Beside shuffle join, Spark provides another alternative call broadcast join. In this case, one of the RDD will be broadcasted and copied over to every partition. Imagine the situation when one of the RDD is significantly smaller relative to the other, then broadcast join will reduce the network traffic because only the small RDD need to be copied to all worker servers while the large RDD doesn't need to be shuffled at all.
In some cases, transformation can be re-ordered to reduce the amount of data shuffling. Below is an example of a JOIN between two huge RDDs followed by a filtering.

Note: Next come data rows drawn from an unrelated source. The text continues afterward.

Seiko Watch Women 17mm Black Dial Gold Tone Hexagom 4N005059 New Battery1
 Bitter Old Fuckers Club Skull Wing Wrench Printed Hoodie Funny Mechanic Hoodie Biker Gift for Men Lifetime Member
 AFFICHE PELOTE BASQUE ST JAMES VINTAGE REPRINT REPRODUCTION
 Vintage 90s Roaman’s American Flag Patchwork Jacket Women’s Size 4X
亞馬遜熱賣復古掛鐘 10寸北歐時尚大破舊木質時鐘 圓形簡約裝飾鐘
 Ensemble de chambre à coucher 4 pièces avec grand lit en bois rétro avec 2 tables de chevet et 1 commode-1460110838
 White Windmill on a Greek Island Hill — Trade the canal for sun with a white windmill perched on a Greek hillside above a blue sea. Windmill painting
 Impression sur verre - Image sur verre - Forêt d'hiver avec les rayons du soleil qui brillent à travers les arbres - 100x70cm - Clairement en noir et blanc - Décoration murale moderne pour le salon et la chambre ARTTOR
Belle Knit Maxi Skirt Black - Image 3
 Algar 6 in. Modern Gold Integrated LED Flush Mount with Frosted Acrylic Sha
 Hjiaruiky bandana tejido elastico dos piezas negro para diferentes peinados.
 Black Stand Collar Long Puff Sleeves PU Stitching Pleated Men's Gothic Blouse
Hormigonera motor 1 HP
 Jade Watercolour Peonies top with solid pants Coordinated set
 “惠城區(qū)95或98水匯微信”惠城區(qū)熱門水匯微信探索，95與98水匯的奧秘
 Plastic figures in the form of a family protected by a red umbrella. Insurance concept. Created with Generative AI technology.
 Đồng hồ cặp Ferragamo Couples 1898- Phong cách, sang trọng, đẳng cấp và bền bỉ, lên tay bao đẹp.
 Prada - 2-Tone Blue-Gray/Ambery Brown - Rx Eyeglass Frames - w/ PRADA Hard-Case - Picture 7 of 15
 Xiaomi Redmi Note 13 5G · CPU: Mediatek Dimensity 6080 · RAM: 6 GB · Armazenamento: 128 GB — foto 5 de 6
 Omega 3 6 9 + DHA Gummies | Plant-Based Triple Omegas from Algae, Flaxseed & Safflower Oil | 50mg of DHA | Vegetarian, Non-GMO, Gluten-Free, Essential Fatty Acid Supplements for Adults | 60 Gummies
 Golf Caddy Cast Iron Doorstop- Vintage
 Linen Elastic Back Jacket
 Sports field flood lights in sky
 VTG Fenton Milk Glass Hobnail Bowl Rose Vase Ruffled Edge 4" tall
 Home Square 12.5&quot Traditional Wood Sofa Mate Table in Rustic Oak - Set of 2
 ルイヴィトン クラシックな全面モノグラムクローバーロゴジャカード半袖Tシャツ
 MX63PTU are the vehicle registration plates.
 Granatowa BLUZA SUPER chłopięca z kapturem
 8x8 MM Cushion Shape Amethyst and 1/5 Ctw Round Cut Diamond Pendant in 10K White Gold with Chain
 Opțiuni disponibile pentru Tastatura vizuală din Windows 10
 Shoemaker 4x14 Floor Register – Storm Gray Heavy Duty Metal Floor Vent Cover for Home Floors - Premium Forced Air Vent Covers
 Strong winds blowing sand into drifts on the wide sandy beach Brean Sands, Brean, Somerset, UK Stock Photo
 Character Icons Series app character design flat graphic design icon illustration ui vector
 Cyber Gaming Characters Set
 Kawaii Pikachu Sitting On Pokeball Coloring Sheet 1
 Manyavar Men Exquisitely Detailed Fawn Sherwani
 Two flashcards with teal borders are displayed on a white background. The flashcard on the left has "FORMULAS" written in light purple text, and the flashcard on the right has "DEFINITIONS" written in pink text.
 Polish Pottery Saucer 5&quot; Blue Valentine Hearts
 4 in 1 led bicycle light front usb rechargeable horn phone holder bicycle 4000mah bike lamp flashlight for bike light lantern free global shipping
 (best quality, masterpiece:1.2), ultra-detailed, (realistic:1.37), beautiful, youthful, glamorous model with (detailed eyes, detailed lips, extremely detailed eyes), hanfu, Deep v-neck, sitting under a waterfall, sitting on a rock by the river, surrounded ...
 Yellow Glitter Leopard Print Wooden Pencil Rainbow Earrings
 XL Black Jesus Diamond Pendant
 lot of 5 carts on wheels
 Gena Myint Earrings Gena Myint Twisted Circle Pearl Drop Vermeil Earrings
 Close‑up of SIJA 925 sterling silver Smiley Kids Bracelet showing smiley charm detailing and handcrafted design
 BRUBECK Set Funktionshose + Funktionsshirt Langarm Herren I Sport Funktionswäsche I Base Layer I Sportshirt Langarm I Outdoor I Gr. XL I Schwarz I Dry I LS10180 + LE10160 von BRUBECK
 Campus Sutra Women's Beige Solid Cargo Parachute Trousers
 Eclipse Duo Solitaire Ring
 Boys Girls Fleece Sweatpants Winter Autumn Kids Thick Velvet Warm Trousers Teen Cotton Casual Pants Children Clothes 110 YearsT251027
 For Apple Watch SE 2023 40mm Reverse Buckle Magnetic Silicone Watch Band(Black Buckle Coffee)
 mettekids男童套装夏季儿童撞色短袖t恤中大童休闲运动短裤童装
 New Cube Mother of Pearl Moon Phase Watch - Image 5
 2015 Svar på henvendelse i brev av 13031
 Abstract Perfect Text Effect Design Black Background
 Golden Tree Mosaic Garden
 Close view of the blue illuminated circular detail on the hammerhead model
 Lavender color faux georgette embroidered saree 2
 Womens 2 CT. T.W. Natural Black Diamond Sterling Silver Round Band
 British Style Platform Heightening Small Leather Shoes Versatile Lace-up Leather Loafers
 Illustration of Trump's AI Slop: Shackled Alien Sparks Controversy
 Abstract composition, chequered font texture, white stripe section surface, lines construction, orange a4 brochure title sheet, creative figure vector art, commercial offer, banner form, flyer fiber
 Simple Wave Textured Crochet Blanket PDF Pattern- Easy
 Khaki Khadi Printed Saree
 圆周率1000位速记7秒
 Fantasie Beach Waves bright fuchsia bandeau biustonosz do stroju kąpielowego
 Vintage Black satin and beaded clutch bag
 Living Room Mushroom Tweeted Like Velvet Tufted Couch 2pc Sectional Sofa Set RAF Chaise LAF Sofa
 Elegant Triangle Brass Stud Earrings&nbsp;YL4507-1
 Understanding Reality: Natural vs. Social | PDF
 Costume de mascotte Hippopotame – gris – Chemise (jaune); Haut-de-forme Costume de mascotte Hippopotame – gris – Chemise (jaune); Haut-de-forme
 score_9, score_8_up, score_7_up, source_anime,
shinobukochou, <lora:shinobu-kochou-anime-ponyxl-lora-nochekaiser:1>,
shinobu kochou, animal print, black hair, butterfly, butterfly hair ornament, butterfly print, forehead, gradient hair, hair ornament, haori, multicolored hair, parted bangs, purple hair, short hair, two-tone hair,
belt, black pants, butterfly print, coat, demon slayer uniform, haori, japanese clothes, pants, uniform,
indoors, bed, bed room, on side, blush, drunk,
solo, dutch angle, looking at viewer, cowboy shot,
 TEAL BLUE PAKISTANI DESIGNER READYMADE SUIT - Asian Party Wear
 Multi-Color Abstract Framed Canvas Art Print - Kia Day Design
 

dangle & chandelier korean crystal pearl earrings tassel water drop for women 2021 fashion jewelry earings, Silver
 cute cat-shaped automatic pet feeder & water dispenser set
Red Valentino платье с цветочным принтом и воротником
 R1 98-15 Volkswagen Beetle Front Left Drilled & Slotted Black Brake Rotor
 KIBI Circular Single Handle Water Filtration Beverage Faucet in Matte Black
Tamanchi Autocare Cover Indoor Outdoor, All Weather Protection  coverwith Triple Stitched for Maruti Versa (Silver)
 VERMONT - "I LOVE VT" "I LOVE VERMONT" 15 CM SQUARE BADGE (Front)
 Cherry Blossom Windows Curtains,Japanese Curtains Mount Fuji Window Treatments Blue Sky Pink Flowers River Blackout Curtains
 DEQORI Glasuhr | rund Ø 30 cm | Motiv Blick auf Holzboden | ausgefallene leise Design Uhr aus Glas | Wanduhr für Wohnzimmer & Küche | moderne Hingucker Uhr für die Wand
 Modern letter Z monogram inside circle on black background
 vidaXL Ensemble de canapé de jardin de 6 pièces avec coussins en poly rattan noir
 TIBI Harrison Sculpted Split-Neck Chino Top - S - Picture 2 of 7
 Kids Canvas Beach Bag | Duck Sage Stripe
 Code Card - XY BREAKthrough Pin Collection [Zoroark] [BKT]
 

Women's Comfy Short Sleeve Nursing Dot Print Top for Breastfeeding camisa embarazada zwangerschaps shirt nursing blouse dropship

Plan1 is a naive implementation which follows the given order. It first join the two huge RDD and then apply the filter on the join result. This ends up causing a big data shuffling because the two RDD is huge, even though the result after filtering is small.
Plan2 offers a smarter way by using the "push-down-predicate" technique where we first apply the filtering in both RDDs before joining them. Since the filtering will reduce the number of items of each RDD significantly, the join processing will be much cheaper.
As explain above, data shuffling incur the most significant cost in the overall data processing flow. Spark provides a mechanism that generate an execute plan from the DAG that minimize the amount of data shuffling.
- Analyze the DAG to determine the order of transformation. Notice that we starts from the action (terminal node) and trace back to all dependent RDDs.
- To minimize data shuffling, we group the narrow transformation together in a "stage" where all transformation tasks can be performed within the partition and no data shuffling is needed. The transformations becomes tasks that are chained together within a stage
- Wide transformation sits at the boundary of two stages, which requires data to be shuffled to a different worker server. When a stage finishes its execution, it persist the data into different files (one per partition) of the local disks. Worker nodes of the subsequent stage will come to pickup these files and this is where data shuffling happens
Below is an example how the execution planning turns the DAG into an execution plan involving stages and tasks.
Reliability and Fault Resiliency
Since the DAG defines a deterministic transformation steps between different partitions of data within each RDD RDD, fault recovery is very straightforward. Whenever a worker server crashes during the execution of a stage, another worker server can simply re-execute the stage from the beginning by pulling the input data from its parent stage that has the output data stored in local files. In case the result of the parent stage is not accessible (e.g. the worker server lost the file), the parent stage need to be re-executed as well. Imagine this is a lineage of transformation steps, and any failure of a step will trigger a restart of execution from its last step.
Since the DAG itself is an atomic unit of execution, all the RDD values will be forgotten after the DAG finishes its execution. Therefore, after the driver program finishes an action (which execute a DAG to its completion), all the RDD value will be forgotten and if the program access the RDD again in subsequent statement, the RDD needs to be recomputed again from its dependents. To reduce this repetitive processing, Spark provide a caching mechanism to remember RDDs in worker server memory (or local disk). Once the execution planner finds the RDD is already cache in memory, it will use the RDD right away without tracing back to its parent RDDs. This way, we prune the DAG once we reach an RDD that is in the cache.
Overall speaking, Apache Spark provides a powerful framework for big data processing. By the caching mechanism that holds previous computation result in memory, Spark out-performs Hadoop significantly because it doesn't need to persist all the data into disk for each round of parallel processing. Although it is still very new, I think Spark will take off as the main stream approach to process big data.